Force between two charges when the dielectric constant of the material varies? If two point charges $q_{1}$ and $q_{2}$ are seperated by a distance $l$ apart, and the space between them is filled with a variable dielectric constant. Near $q_{1}$, the dielectric constant is $K_{1}$, and near $q_{2}$, it is $K_{2}$ while increasing linearly with distance. Then I need to find the interaction force between the two charges.
I saw this answer, but I don't understand how I can use that result for my problem. I assume the answer involves integration(which I know), since the dielectric constant is varying. 
Please, I don't need a solution, just a brief explanation of how to go about this. 

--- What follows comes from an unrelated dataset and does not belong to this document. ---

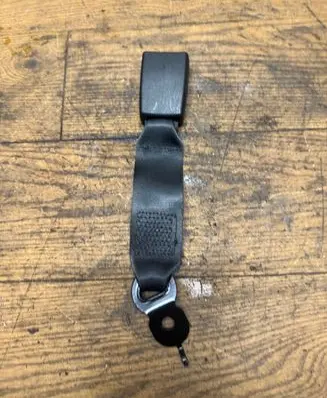 Front seatbelt buckle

 A: Take the distance between the charges as $D$, and we'll assume that the dielectric constant, $K$, at a distance $x$ between the charges is given by some function $f(x)$. Actually let's assume that $f(x)$ gives $\sqrt{K}$ as this makes the notation clearer.

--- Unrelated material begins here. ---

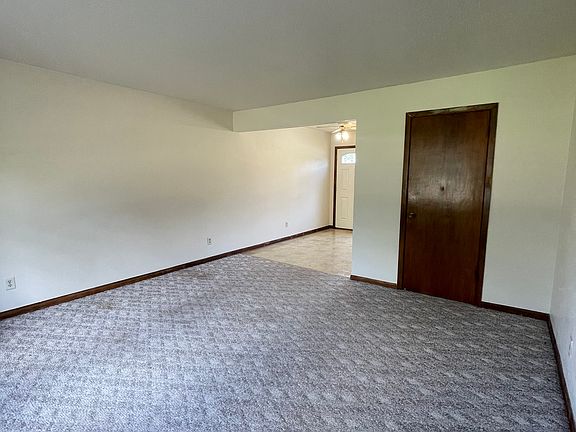 5th image of 1315 4th St W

If you take some small element $dx$, then the effective length of this element is $\sqrt{K}\, dx = f(x)\, dx$. We get the total effective length by integrating to add up all the $dx$s, so the total effective length $L$ is:
$$ L = \int_0^D f(x)\, dx $$
And that's it. You need to work out what function $f(x)$ gives you $\sqrt{K}$ at a distance $x$ between the charges, then do the integration to work out $L$. Finally, the force is just:
$$ F = \frac{kq_1q_2}{L^2} $$
A: If the charges are seperated by dielectric slabs of fixed dielectric constants that is easy to solve by calculating the effective length of dielectric in vacuum.But if it some function of distance then we need to know the Function first to find the effective distance in vacuum.